Otro obstáculo al afán comunista de dominio fue el poder anarquista. Los documentos de España traicionada revelan, entre otras cosas, el odio de los comunistas hacia los ácratas, odio cuyo fundamento encuentra Carr en la versión stalinista, seguida acríticamente: “La CNT, en opinión de los comunistas, hacía imposible la creación de una industria de guerra eficaz (…) Además, en los primeros días, elementos incontrolados de la CNT habían ejecutado sumariamente a presuntos fascistas (…) Habían asesinado en masa a sacerdotes (…) y quemado iglesias. Habían matado monjas. Si los anarquistas seguían con su “pillaje y sus quemas” quedarían como una “mancha negra” en el movimiento antifascista”. Podía haber indicado Carr que una industria de guerra eficaz no consiguieron crearla ni los anarquistas ni los comunistas, pese a disponer de una infraestructura más que regular, y debido no sólo a las querellas entre unos y otros, sino también al desinterés de los obreros, a quienes todos decían representar. Más grave es la atribución de todos los desmanes a los ácratas, o la supuesta preocupación por la “mancha” en la pureza moral del movimiento antifascista. En el exterminio de la Iglesia, como de los fascistas, intervinieron con parecido ardor ácratas, comunistas, socialistas y republicanos, y no sólo en los primeros días, como está sobradamente documentado. Pasma que un historiador en otros aspectos solvente, repita a estas alturas los tópicos de la más inconsistente propaganda comunista.
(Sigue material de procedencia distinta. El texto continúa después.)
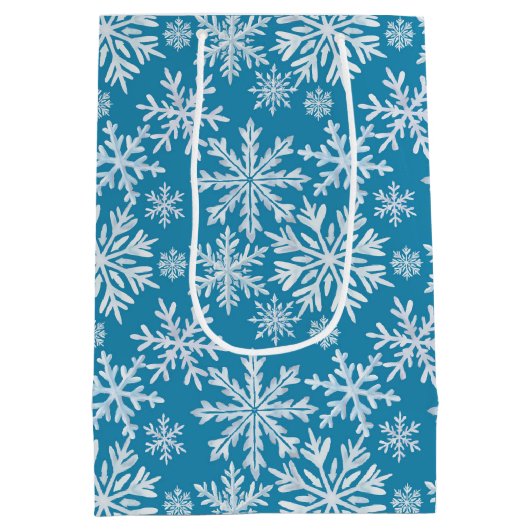 Watercolor Snowflakes Pattern Mittlere Geschenktüte (Rückseite)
En la senda de dicha propaganda, Carr insiste: “Los republicanos, disgustados por los paseos anarquistas de julio, estaban decididos a recuperar los poderes del gobierno legítimo para controlar a los “incontrolables”. Odiaban el resurgimiento del anticlericalismo tradicional. Al carecer de amplio apoyo popular, eran por tanto aliados de los comunistas en tanto que hombres de orden”. El disgusto de los republicanos, salvo excepciones, no pudo ser por los paseos, en los cuales también intervinieron, así como en la formación de checas. Y esos crímenes no se limitaron, ni mucho menos, al mes de julio. El disgusto provenía más bien de que aquellos comités incontrolables privaban a los republicanos del poder, y de que el terror, del que informaba la prensa internacional, llegó a perjudicar seriamente los esfuerzos de los sucesivos gobiernos por aparecer a los ojos del mundo como demócratas. Y, contra lo que dice el aquí muy mal informado Carr, los republicanos no odiaban el anticlericalismo tradicional, pues habían sido ellos quienes más lo habían fomentado a lo largo de decenios, y era, en rigor, el único rasgo que unía a todas las izquierdas.

Y tampoco, finalmente, estaban los republicanos “decididos a recuperar el poder” después de la revolución de julio del 36, porque su insignificante organización y apoyo popular no les permitía soñar con tal cosa, ni podían tener garantía, a la altura de septiembre del 36, de que los comunistas fuesen “hombres de orden”. En realidad el gobierno republicano de Giral se hundió en la impotencia tan pronto repartió armas a las masas, el 19 de julio, y en el gobierno compuesto un mes y medio después de la revolución de julio, los republicanos tenían un papel decorativo, mantenido con vistas a presentar una fachada de legalidad que le valiese el favor de Londres y París. El nuevo gobierno lo encabezaba el Lenin español, Largo Caballero, el principal enemigo de la república burguesa; y sus fuerzas reales eran los socialistas y comunistas. En noviembre entraron también otros republicanos ejemplares: los anarquistas. La historia subsiguiente del Frente Popular fue en gran medida la de las querellas, a menudo sangrientas, entre las tendencias revolucionarias principales, la socialista, la comunista y la anarquista.